Listen to me awkwardly stumble
through the Nationals preview on MVN’s the pitch.
http://mvn.com/thepitch/2008/02/21/2008-mlb-season-preview-washington-nationals/
If you get through my stumbling, rambling first response, good for you.
Listen as I say Shawn Hill was on the Cubs (I saw red and blue, yet I couldn’t remember the Expos name. From there I think I confused him with Rich Hill. Ouch.)
I’m my usual downplayer of the season, and for some reason Felipe Lopez takes a beating. Starts about at the 8 minutes mark - roughly 15 minutes long, with a 6-7 minute intro by the hosts who are entirely reasonable about the team, so I’d say listen to the whole thing.






3 Responses to “Listen to me awkwardly stumble”
February 22nd, 2008 at 2:42 pm
To be fair, I know the owner of only a handful other teams. Well now that I think about it maybe 3/4 of the league, but still that leaves a bunch of teams. LoDuca…eh it’s a mistake. It happens, I corrected them (though not completely accurately since the presser was 2-3 days before the Mitchell Report not “the day before”).
And I’m not sure what you mean by “why they moved the team from Montreal to DC in the first place” I didn’t hear anything out of line in regards to baseball in DC. There were a couple things that I would have mentioned (market size, income) but they were just scratching the topic. Honestly, I’m interested in what your issue is here.
It was a season preview and in that respect I think they were defintitely reasonable - the team is getting set up well, taking some chances, won’t be awful but isn’t going to be a contender. Fair.

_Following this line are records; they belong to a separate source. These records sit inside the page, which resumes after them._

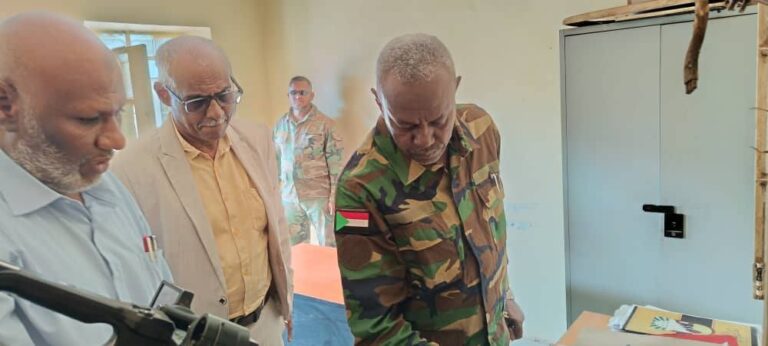 577062103_820574727618290_8706171946150083248_n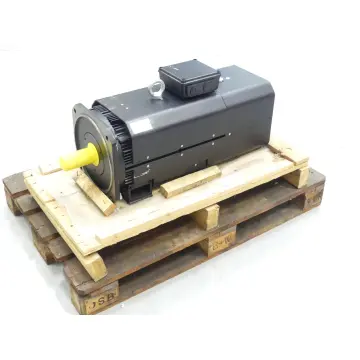 Produktfoto 1 von Indramat 2AD160B-B35OR2 - BS03-B2V1 SN:2AD160-3036 - ungebraucht! -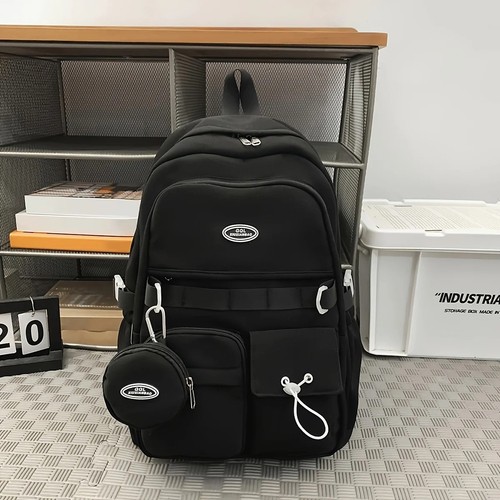 Ausgefallene schultasche - ausgefallene,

February 22nd, 2008 at 4:03 pm
I certainly see your point and agree, at least when it comes to LoDuca. If you are going to make his post-Mitchell report hiring the selling point of a topic/question, you should have the facts down. The rest though - that’s what happens when banter goes awry.
February 22nd, 2008 at 5:03 pm
Exactly. Halfway through #2 I called the team the Washington Congressionals. In #3 Basil started talking about Dmirti Young using statistics for the game of Rounders.